BEGIN Given data

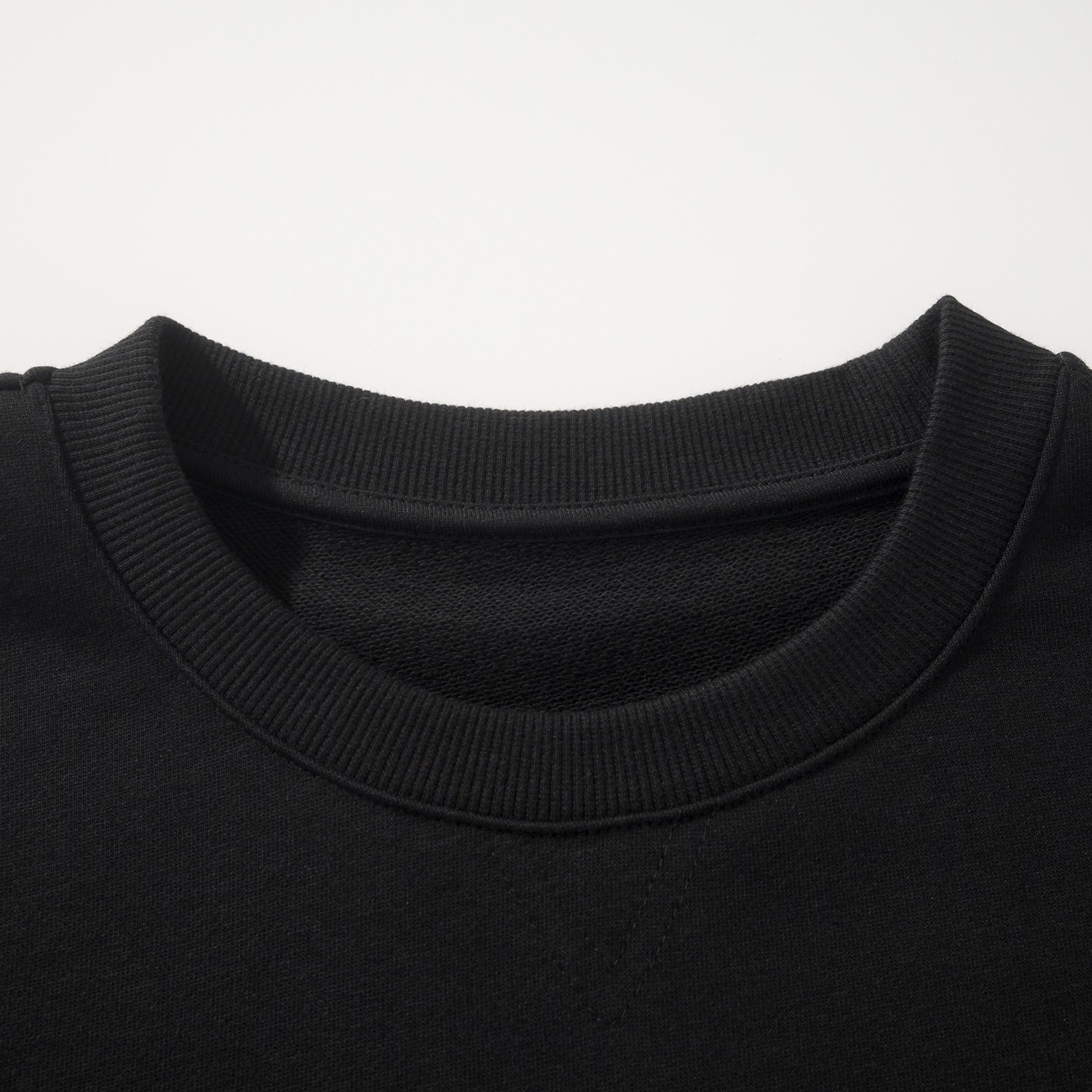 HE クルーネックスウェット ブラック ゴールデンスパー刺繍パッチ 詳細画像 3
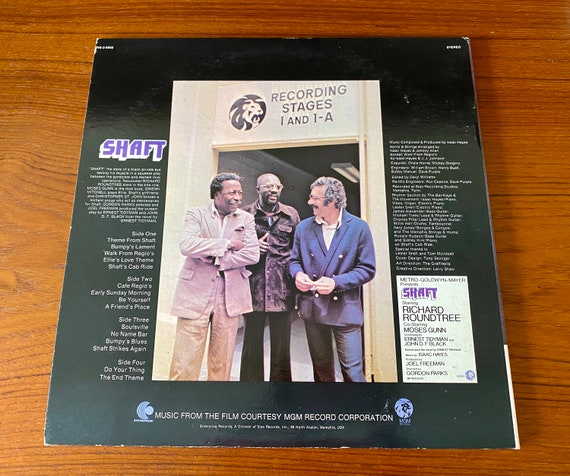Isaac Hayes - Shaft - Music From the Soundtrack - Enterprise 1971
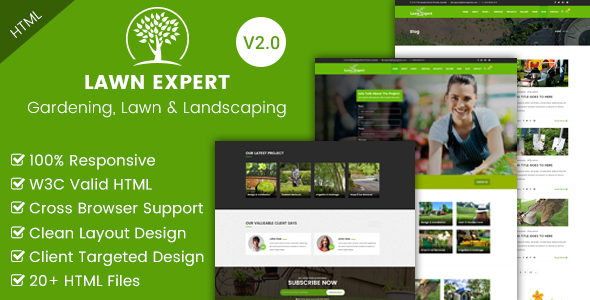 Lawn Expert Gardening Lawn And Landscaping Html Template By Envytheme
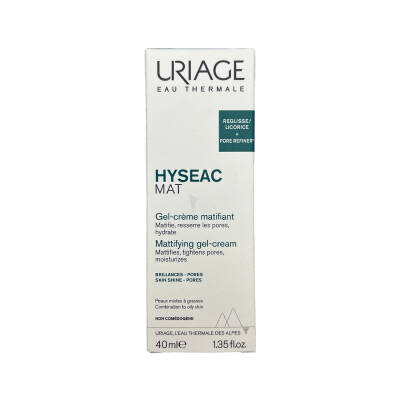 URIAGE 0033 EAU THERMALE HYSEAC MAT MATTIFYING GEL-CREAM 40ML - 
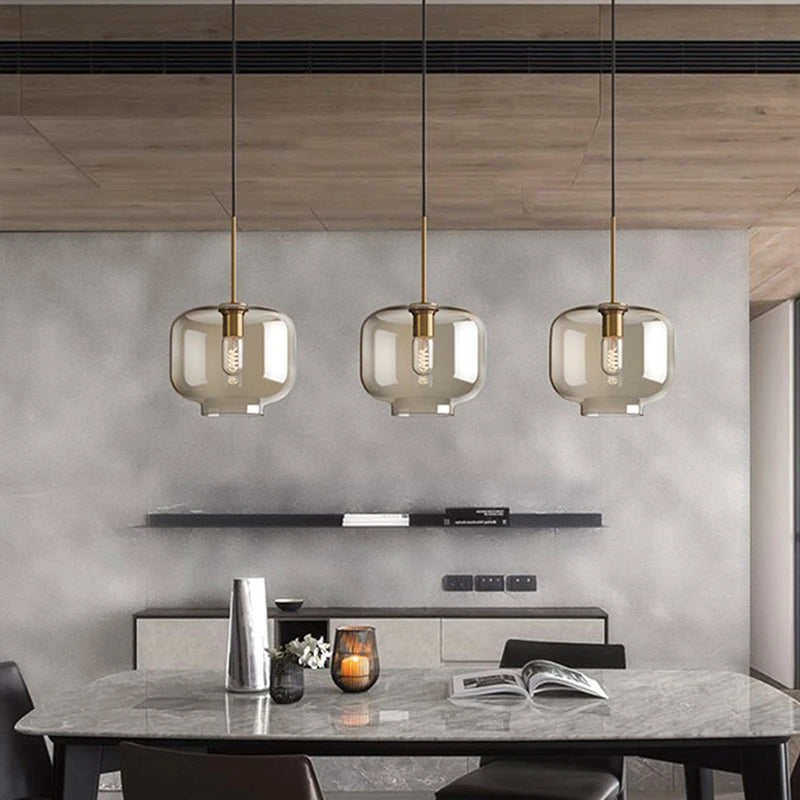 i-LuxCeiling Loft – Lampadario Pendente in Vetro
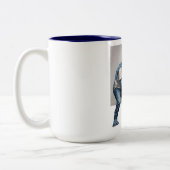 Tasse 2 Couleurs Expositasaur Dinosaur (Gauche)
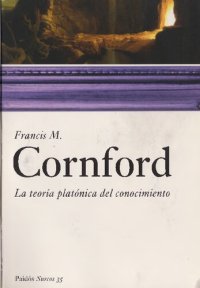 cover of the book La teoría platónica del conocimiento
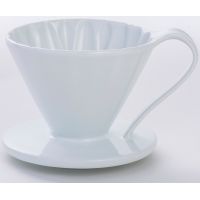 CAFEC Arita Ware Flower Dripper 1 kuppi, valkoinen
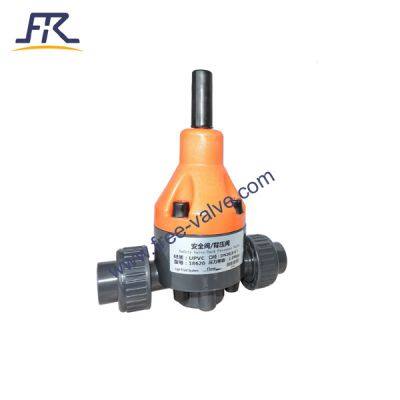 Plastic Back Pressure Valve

END Given data

Copy all the entries above exactly as they stand, except for the pictures.

(Task result)
 HE クルーネックスウェット ブラック ゴールデンスパー刺繍パッチ 詳細画像 3
Isaac Hayes - Shaft - Music From the Soundtrack - Enterprise 1971
 Lawn Expert Gardening Lawn And Landscaping Html Template By Envytheme
 URIAGE 0033 EAU THERMALE HYSEAC MAT MATTIFYING GEL-CREAM 40ML - 
 i-LuxCeiling Loft – Lampadario Pendente in Vetro
 Tasse 2 Couleurs Expositasaur Dinosaur (Gauche)
 cover of the book La teoría platónica del conocimiento
 CAFEC Arita Ware Flower Dripper 1 kuppi, valkoinen
 Plastic Back Pressure Valve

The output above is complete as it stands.